For the data below, transcribe the part that opens with the line containing "Society Mortgage" and closes with the line containing "Fotó: Dávid Csilla Fotó: Dávid Csilla", exactly and with no pictures.

* EXERCISE MATERIALS *
----------

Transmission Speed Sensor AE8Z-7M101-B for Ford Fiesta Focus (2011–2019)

----------

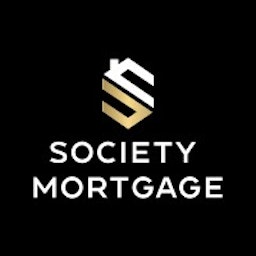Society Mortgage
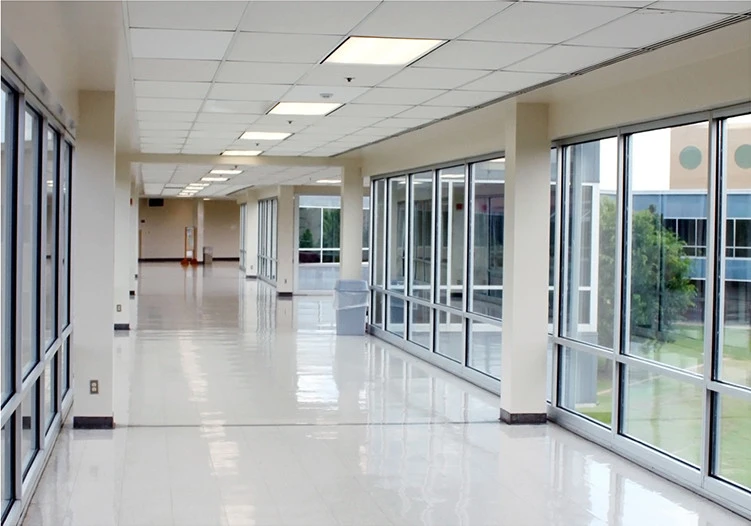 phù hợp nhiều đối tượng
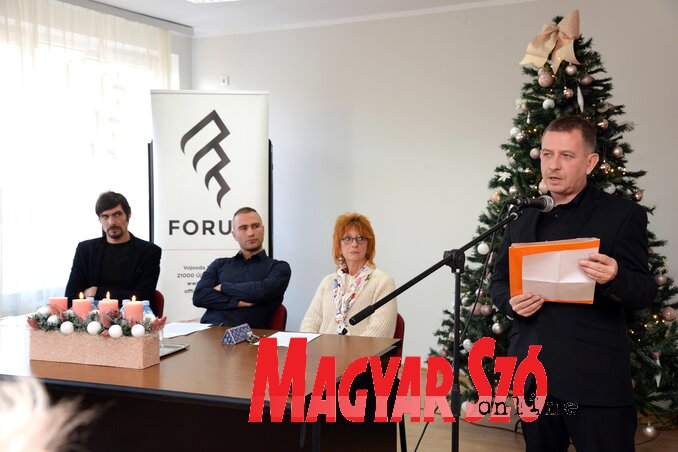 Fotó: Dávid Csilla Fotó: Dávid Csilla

----------

* TASK OUTPUT *
Society Mortgage
 phù hợp nhiều đối tượng
 Fotó: Dávid Csilla Fotó: Dávid Csilla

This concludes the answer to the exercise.